Exactly so. How terrible it is that Leo’s voice is such a singular one.

ACLU 1 USCCB 0

It’s about time. Sarah Posner reports that – at last! – a judge rules for the ACLU in a challenge to the stinking meddlesome theocratic US Conference of Catholic Bishops.

Late yesterday a federal court in Massachusetts ruled [PDF] in favor of the American Civil Liberties Union in a challenge it brought against the Department of Health and Human Services over contracts with the U.S. Conference of Catholic Bishops under the Trafficking Victims Protection Act. When the ACLU first brought the case in 2009, HHS permitted the USCCB to prohibit the referral of victims of sexual assault to be referred for contraception and abortion services.
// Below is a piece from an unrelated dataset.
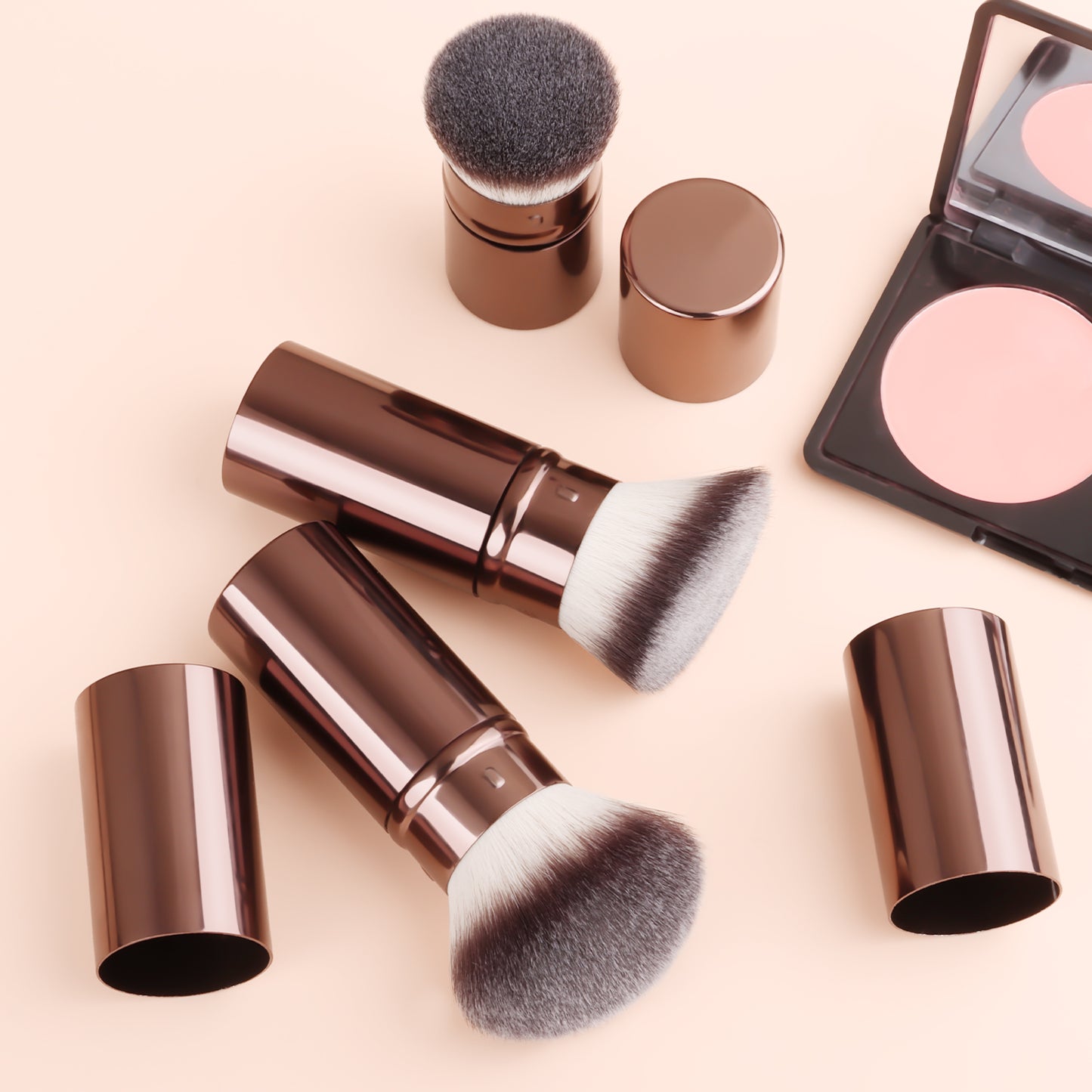 RONSHADOW PRO COLLAPSE & GLOW SET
Although HHS did not renew the USCCB contract last year, the ACLU proceeded with the case “to ensure that taxpayer dollars are not misused to impose religious restrictions on vulnerable trafficking victims that receive U.S. aid,” according to a statement.

And the judge ruled against theocracy.

Judge Richard Stearns agreed the case was not moot, and in holding that the policy permitting the Bishops to restrict trafficking victims’ access to reproductive health services violated the Establishment Clause, noted, “[t]o insist that the government respect the separation of church and state is not to discriminate against religion; indeed, it promotes a respect for religion by refusing to single out any creed for official favor at the expense of all others.”

It does that and it also promotes respect for and freedom of people who follow no religion. It rules, in short, against theocracy.